Due to the third person narrator infrequently intruding upon the three primary characters’ conversation, the short story is defined by its ambiguous atmosphere. While the narrator is present throughout the narrative, they do not always remark upon or explain what the characters are thinking or feeling, or even how they are physically orienting their bodies. For example, after Henry “turns [Carole’s] doll right side up” and exclaims, “A black doll! I never saw such a thing,” Carole’s lines of dialogue follow and the narrator makes no commentary upon the incident (Paragraph 4). A few paragraphs below, the narrator does note that “Carole tucks the doll close to the window,” but they do not detail what is passing through Carole’s mind as a result of Henry’s actions (Paragraph 7).

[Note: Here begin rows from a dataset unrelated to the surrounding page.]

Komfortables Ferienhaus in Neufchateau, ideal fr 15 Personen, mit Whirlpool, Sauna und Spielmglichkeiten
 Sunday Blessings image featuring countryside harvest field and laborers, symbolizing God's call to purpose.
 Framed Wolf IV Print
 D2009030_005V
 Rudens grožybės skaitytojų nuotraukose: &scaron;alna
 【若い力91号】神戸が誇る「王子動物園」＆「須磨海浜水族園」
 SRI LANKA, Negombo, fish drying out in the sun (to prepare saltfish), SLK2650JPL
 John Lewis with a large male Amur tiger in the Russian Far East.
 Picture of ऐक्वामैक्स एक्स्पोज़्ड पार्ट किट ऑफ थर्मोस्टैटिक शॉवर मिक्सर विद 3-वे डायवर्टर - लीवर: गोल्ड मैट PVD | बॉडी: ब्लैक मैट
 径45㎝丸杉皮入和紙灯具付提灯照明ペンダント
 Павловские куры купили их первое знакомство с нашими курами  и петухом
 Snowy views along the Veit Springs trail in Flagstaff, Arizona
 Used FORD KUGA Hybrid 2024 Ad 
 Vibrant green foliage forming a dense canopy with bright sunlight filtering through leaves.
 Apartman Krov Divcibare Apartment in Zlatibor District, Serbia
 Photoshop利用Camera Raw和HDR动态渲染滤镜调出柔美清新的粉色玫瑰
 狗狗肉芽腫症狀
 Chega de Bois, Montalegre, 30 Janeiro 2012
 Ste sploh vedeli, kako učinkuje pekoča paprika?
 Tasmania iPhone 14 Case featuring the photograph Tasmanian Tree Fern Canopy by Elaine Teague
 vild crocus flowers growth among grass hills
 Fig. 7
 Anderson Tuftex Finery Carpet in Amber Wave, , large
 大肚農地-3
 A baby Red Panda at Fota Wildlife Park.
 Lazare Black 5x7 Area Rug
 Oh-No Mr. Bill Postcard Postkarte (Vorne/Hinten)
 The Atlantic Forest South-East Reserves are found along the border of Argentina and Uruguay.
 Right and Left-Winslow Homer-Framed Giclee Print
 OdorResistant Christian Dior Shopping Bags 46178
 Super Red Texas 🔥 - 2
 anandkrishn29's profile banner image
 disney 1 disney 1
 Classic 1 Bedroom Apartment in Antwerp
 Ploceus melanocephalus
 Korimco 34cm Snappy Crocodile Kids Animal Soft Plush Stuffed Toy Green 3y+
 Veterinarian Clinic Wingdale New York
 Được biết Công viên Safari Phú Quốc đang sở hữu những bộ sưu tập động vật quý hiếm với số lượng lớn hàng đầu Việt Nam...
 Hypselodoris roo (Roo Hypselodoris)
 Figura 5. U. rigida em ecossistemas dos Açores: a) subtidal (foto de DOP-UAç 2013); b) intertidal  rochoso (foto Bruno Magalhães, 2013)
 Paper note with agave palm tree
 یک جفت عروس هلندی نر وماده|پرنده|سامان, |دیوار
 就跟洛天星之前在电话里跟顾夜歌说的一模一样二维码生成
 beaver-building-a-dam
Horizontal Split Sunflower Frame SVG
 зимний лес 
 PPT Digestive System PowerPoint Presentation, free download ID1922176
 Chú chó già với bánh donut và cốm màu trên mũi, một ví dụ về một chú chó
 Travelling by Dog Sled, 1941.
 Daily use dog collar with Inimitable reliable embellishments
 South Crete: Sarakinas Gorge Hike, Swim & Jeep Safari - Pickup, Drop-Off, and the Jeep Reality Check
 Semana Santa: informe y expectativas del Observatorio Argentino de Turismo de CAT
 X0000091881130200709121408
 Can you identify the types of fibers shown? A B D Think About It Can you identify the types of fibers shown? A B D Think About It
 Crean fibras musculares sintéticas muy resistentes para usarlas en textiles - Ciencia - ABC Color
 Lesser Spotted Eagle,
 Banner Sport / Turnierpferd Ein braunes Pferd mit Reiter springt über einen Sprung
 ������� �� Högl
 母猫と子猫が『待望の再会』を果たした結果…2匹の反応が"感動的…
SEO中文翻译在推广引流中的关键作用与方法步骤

The narrator’s elusiveness throughout the short story therefore compels the reader to engage more thoughtfully with the events occurring on the page. Hill is thus asking his reader to interpret the narrative events and exchanges without authorial or narrative guidance. This is why the short story closes with the ambiguous image of Betty scoffing at Carole’s sensitivity instead of with Carole settled safely into her new seat; Hill is granting Betty the proverbial last word, and thus the power over Carole. However, neither Hill nor the narrator draw this conclusion on behalf of the reader.

Point of View

The short story is written from the third person limited point of view and thus centralizes the experiences of the main character. Throughout the short story, the third person narrator inhabits Carole’s consciousness. The narrator’s perception and rendering of the narrative world on the page are thus dictated by Carole’s character. The way Carole sees, perceives, and interprets her experiences is how the narrator presents these experiences. When Carole sees her reflection in the mirror, for example, she simply thinks of her father deeming her “clear complexion […] ‘milk milk milk milk chocolate’” (Paragraph 1). Carole has no concept of her appearance and identity being potentially problematic, and the narrator does not regard or describe her in this manner.

 

The third person limited point of view enacts Carole’s developing sense of self. As a child, Carole does not have a defined sense of who she is and why. She takes pride in her appearance and attempts to prove herself “a young lady,” but she has yet to craft an identity (Paragraph 38). The third person limited perspective thus captures the degree of separation Carole still has from own psyche; she is not confused about her identity, but it has yet to take shape inside her. The narrative vantage point grants the reader access to Carole’s interiority. However, Carole is not narrating her account in her own words and is thus unready to claim ownership of her voice.